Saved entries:
----

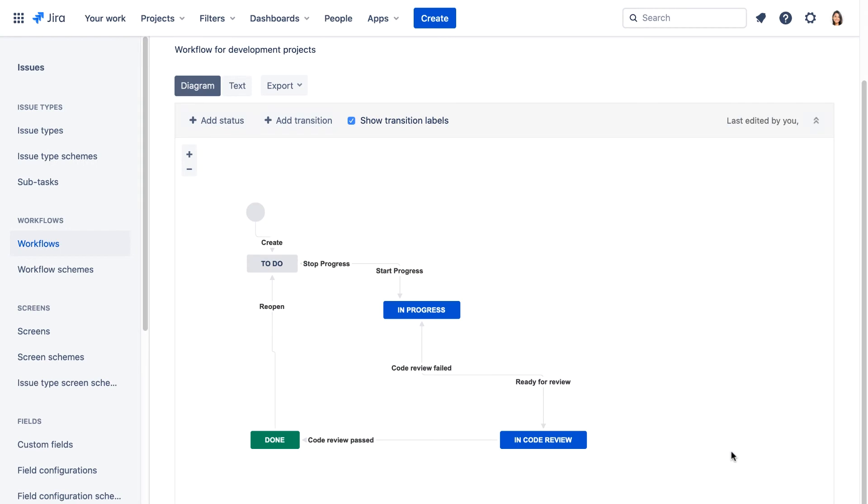Now we'll edit the workflow scheme in the Rocketeers app so we can add the new workflow and assign the issue types to it. By default, each classic project gets their own workflow scheme.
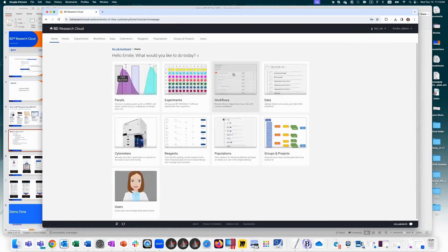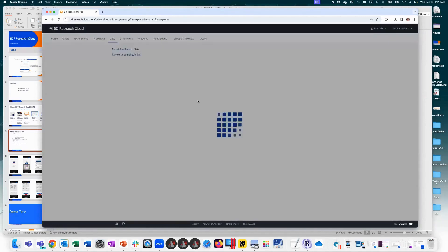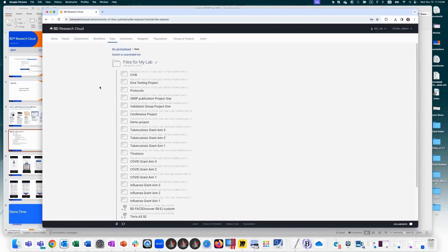Next is the data section. You can upload data directly into workflows or store it in the data management tool. The structure within BDRC is that you create groups within your organization, and people in those groups have access to data within those groups. You can have multiple groups, assign people to different groups, and control who has access to what data.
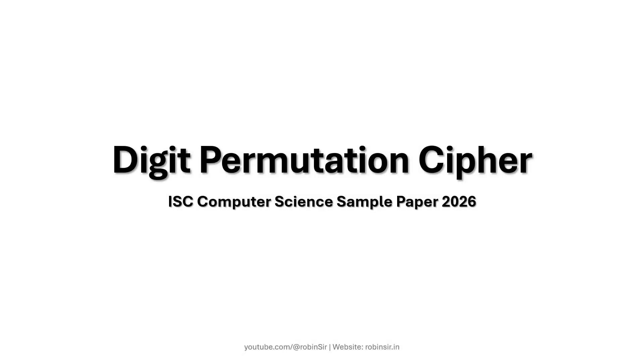Hello and welcome. In today's class we'll see how we can solve this question digit permutation cipher that has appeared in ISC computer science sample paper 2026.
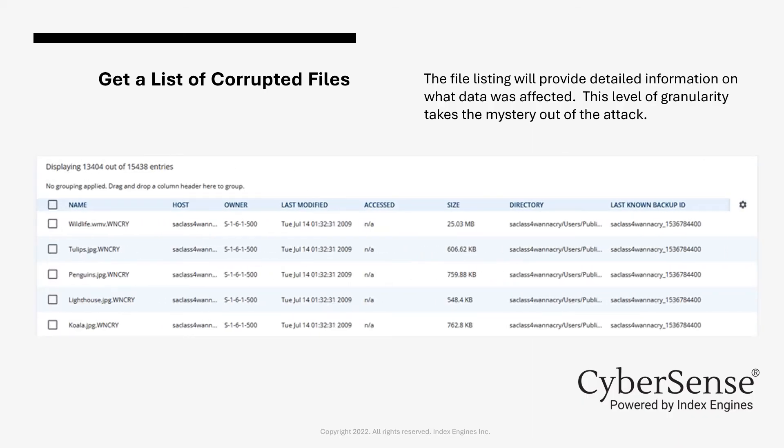The last section of the dashboard provides a detailed file listing. This will allow for insight into the specific files, databases, and even core infrastructure that was impacted by the attack. The full file name and path are available and can be exported as a complete list for further analysis.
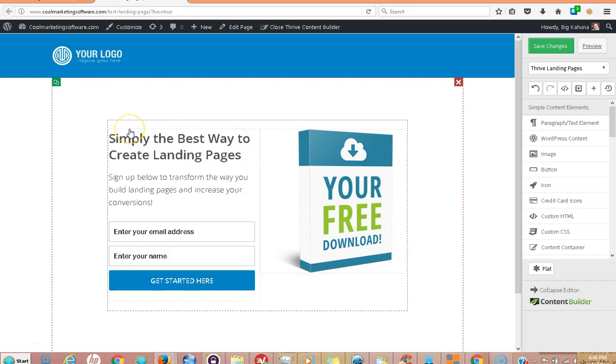Hi, this is Matt with QuickRegisterSEO.com and today I'm going to talk about landing pages, squeeze pages, and opt-in pages because they're a great way to market your business. And I'm specifically going to talk about one of the highest quality and most economical ways for you to set up beautiful landing pages relatively simply.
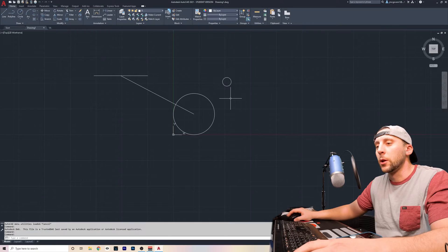What is up, world? This is part two of the absolute basics of AutoCAD 2021. Welcome back, and let's get right into it. Here we go.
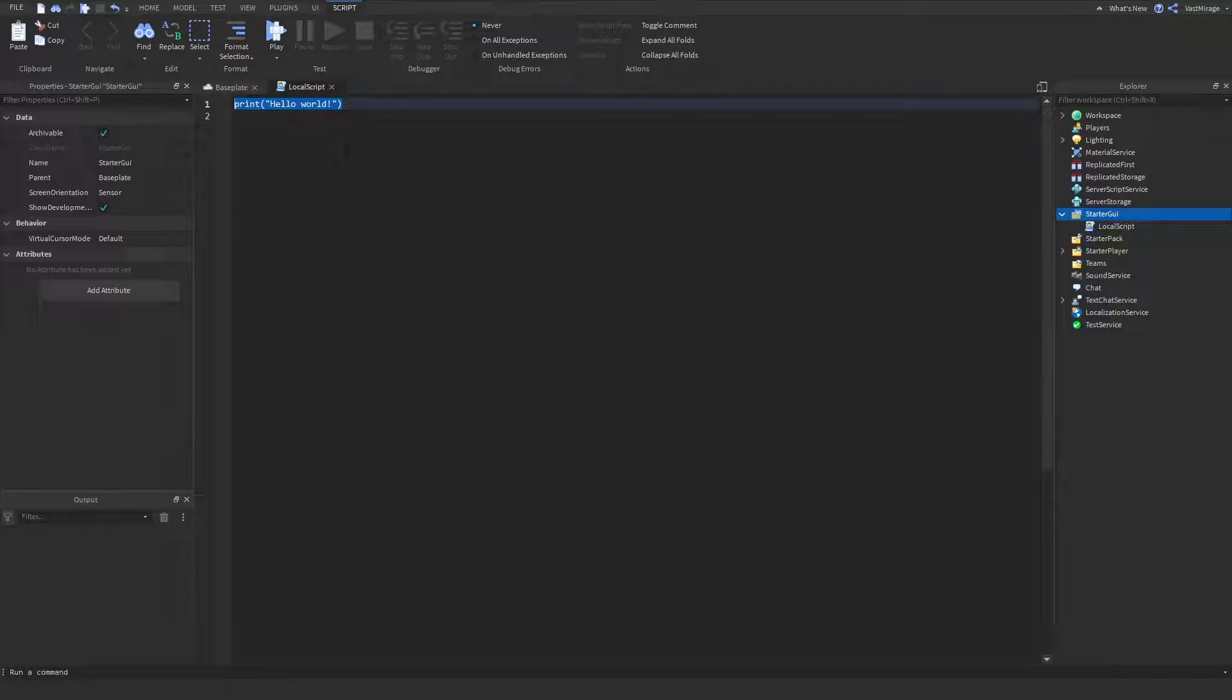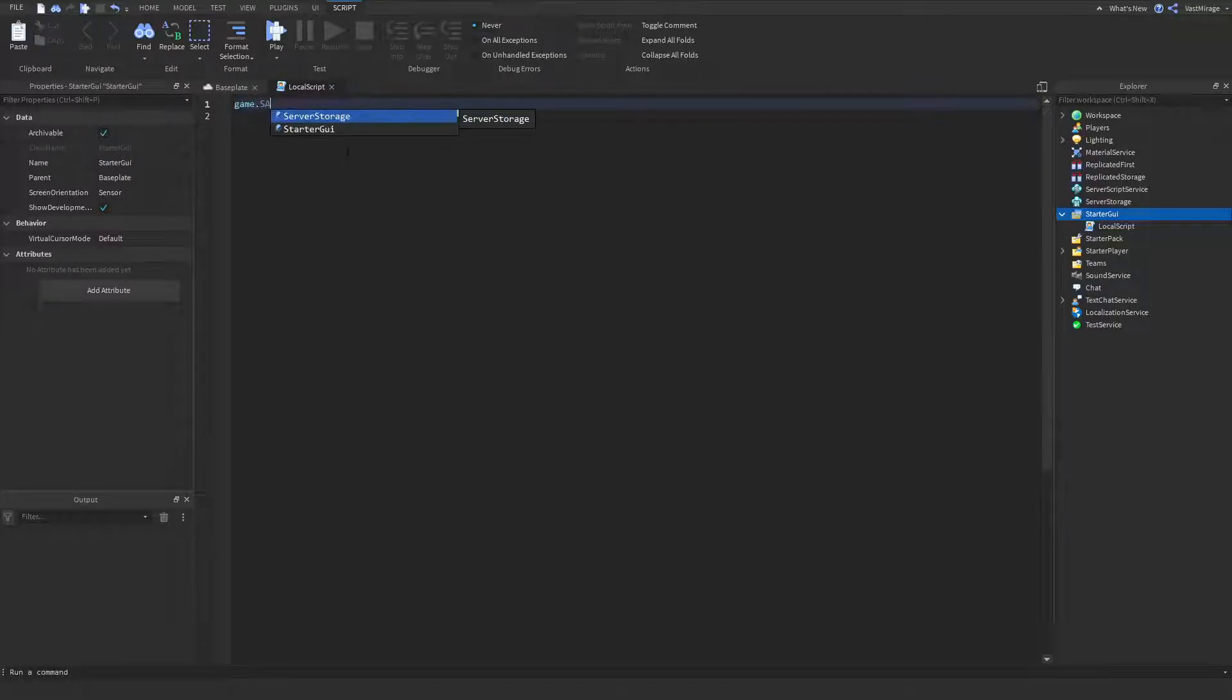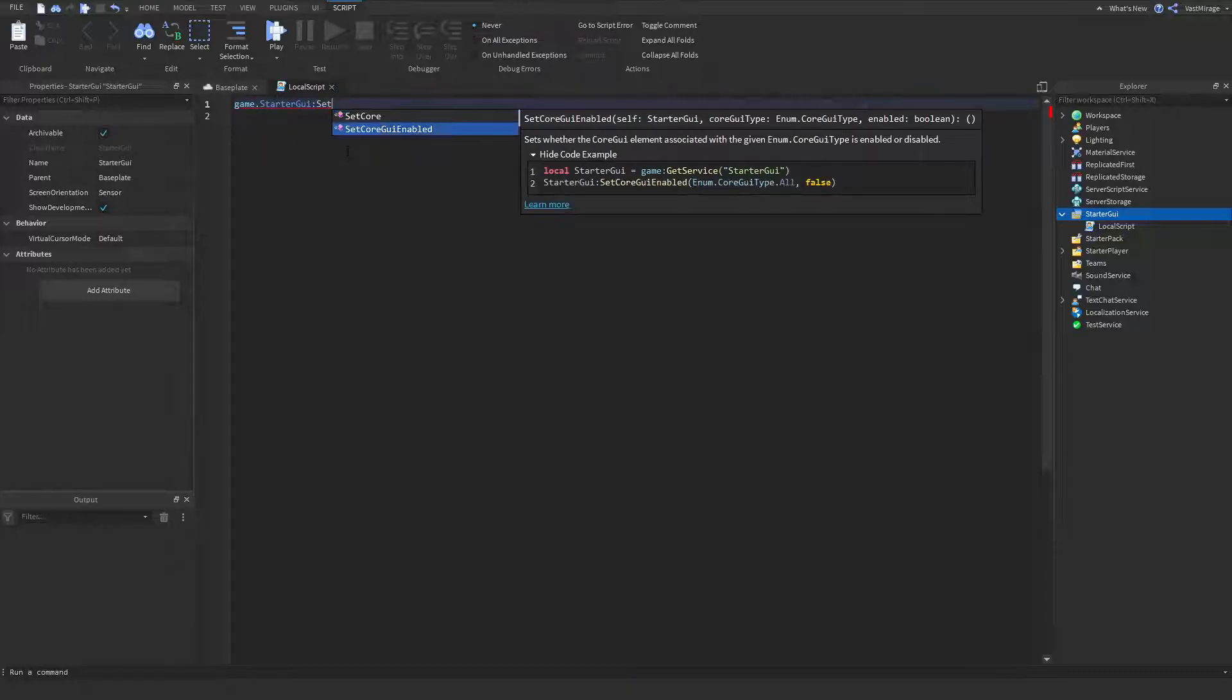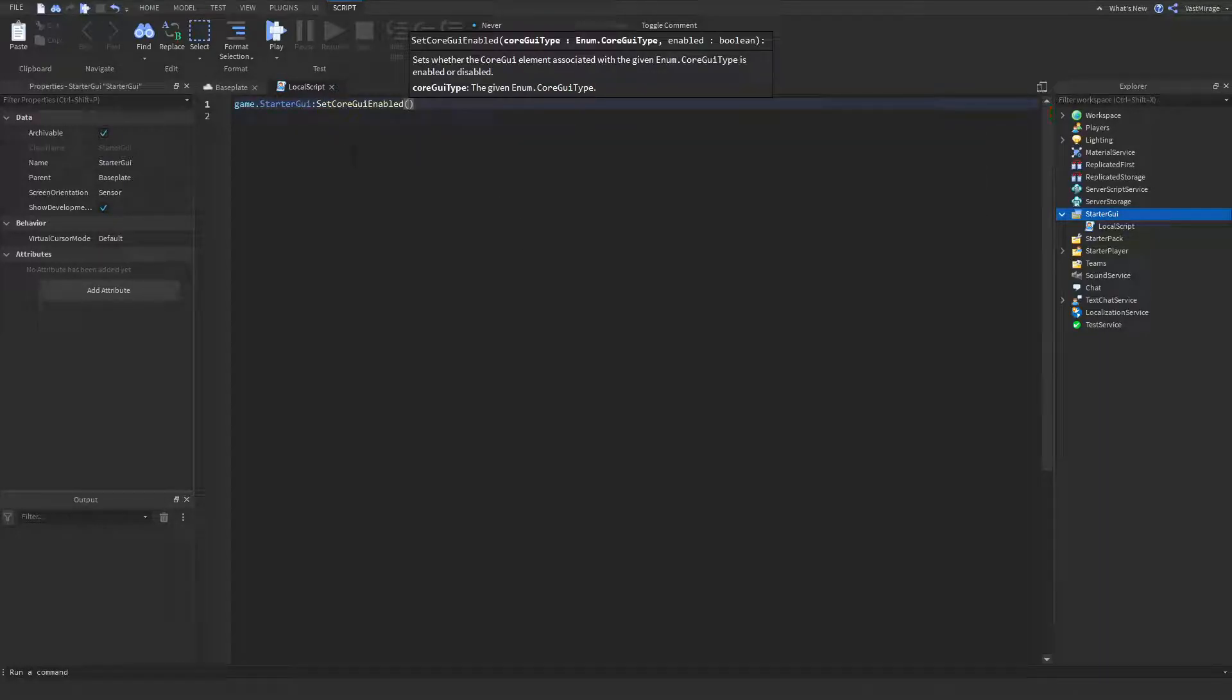So, what you want to write here is game.starterGui, and then setCoreGuiEnabled.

----

● Task prompt
Print once more, exactly, the lines from the one with "What is up, world?" through the last line of the data, both ends included, without any pictures.

● Task response
What is up, world? This is part two of the absolute basics of AutoCAD 2021. Welcome back, and let's get right into it. Here we go.
So, what you want to write here is game.starterGui, and then setCoreGuiEnabled.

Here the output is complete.